Could you return all of the records exactly, minus their images?

§ **Short descriptive text snippets**
▼

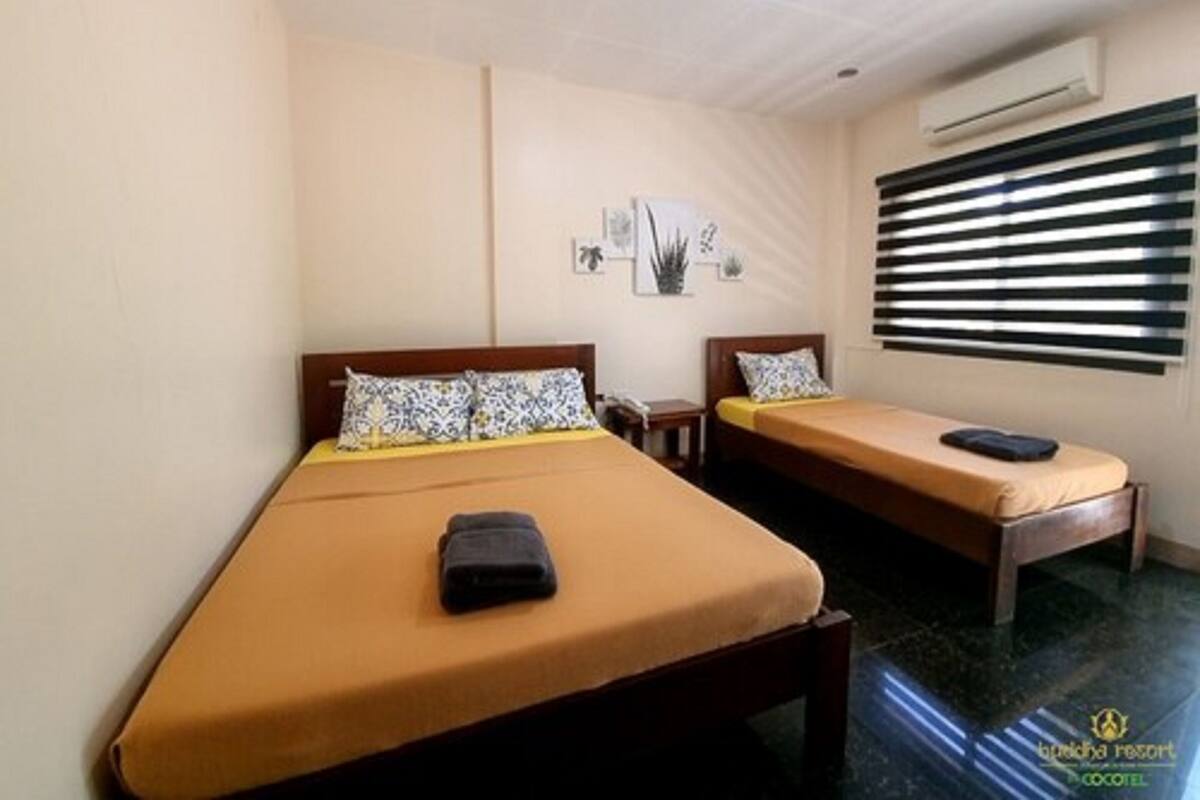 A hotel room with two single beds, a small bedside table with a lamp, a wall-mounted air conditioner, and a window with blinds.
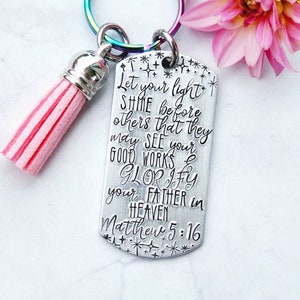 May include: A silver keychain with a pink tassel. The keychain has a quote from the Bible, Matthew 5:16, "Let your light shine before others that they may see your good works and glorify your Father in heaven."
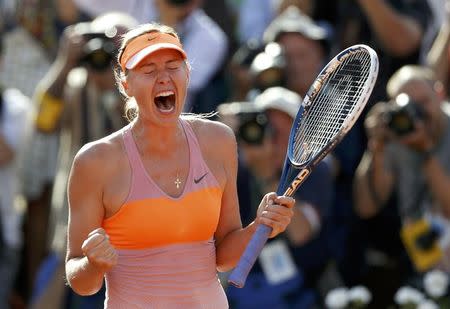 Maria Sharapova of Russia reacts after winning her women's singles final match against Simona Halep of Romania at the French Open tennis tournament at the Roland Garros stadium in Paris June 7, 2014. REUTERS/Vincent Kessler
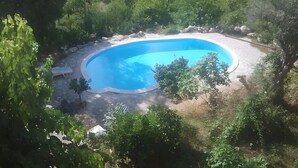 A swimming pool surrounded by greenery, with a bench and a covered area nearby. - Azienda Agricola Santo Pietro - Il Frantoio (Torrenova)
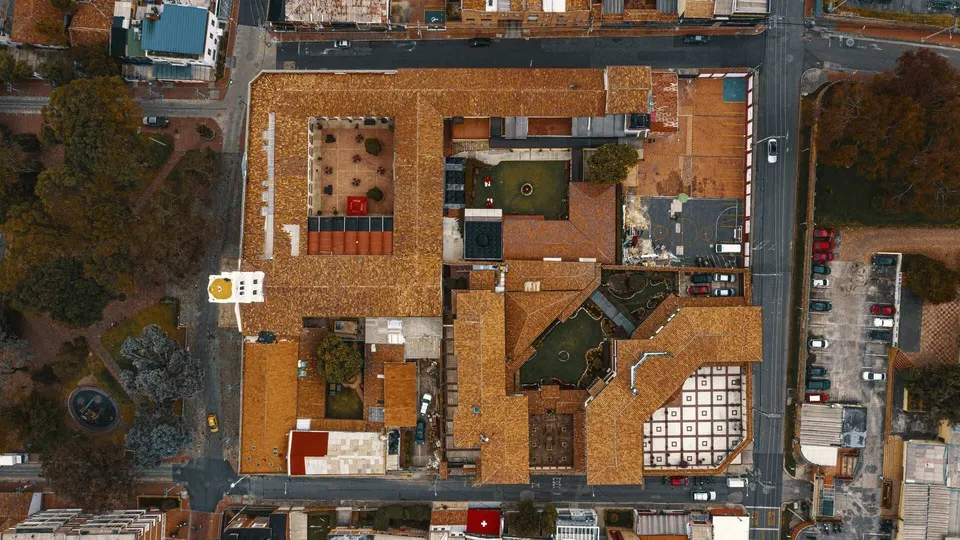 Vista aérea de un conjunto arquitectónico colonial en Usaquén, Bogotá. Los techos de teja roja resaltan entre calles estrechas y árboles que rodean el lugar, mostrando la armonía entre la tradición y la vida urbana actual.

▲

§ **Expected answer**
 A hotel room with two single beds, a small bedside table with a lamp, a wall-mounted air conditioner, and a window with blinds.
 May include: A silver keychain with a pink tassel. The keychain has a quote from the Bible, Matthew 5:16, "Let your light shine before others that they may see your good works and glorify your Father in heaven."
 Maria Sharapova of Russia reacts after winning her women's singles final match against Simona Halep of Romania at the French Open tennis tournament at the Roland Garros stadium in Paris June 7, 2014. REUTERS/Vincent Kessler
 A swimming pool surrounded by greenery, with a bench and a covered area nearby. - Azienda Agricola Santo Pietro - Il Frantoio (Torrenova)
 Vista aérea de un conjunto arquitectónico colonial en Usaquén, Bogotá. Los techos de teja roja resaltan entre calles estrechas y árboles que rodean el lugar, mostrando la armonía entre la tradición y la vida urbana actual.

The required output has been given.